The Wyoming State Historical Society honored a book that asserts college student Matthew Shepard wasn't murdered because he was gay, but was instead killed in a drug-related incident - even though the book relies on wild extrapolation and questionable or anonymous sources and has been denounced as “fictional” by lawyers and investigators involved in the case.
On September 6, the society gave Stephen Jimenez's The Book of Matt: Hidden Truths About the Murder of Matthew Shepard an honorable mention in the nonfiction book category at a Gillette, WY luncheon.
Jimenez's book contends that Shepard's 1998 murder in Laramie was actually the result of Shepard's involvement in the methamphetamine trade - and that, through the meth trade, Shepard knew his attackers, Aaron McKinney and Russell Henderson, prior to their encounter at a bar the night they brutally bludgeoned Shepard.

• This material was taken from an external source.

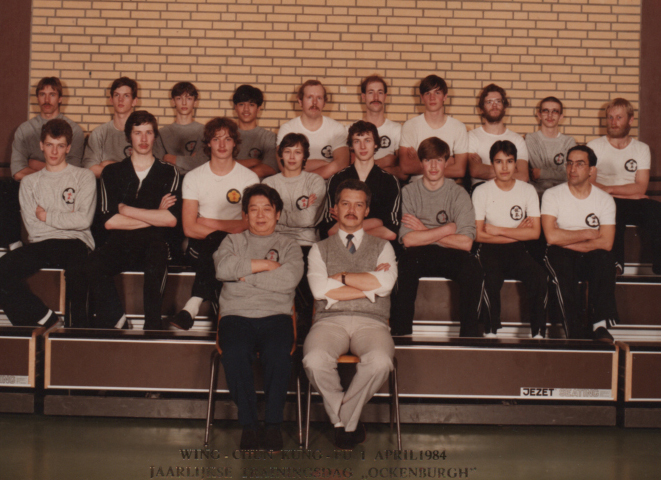Groepsfoto 1984 met Wang Kiu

What's more, Jimenez claims that Shepard and McKinney were actually secret lovers - a claim McKinney has steadfastly denied and for which there's no evidence besides the word of a few shady Laramie characters. The Book of Matt dismisses strong evidence of McKinney's homophobia - including his use of the epithet “fag” to describe Shepard , his statement that he had "hatred for homosexuals" the night of the attack, and his reference to himself as a “drunk homofobick [sic]” - by blaming such language on McKinney's fondness for rap music.
People familiar with the case - including Henderson's appellate attorney, Albany County Sheriff Dave O'Malley, and Albany County Undersheriff Robert Debree -- condemned Jimenez's book as factually challenged, and the Matthew Shepard Foundation noted that The Book of Matt relied on "rumors and innuendo." Its biggest fans so far have appeared to be right-wing media personalities, who seized on the book to assail the LGBT community.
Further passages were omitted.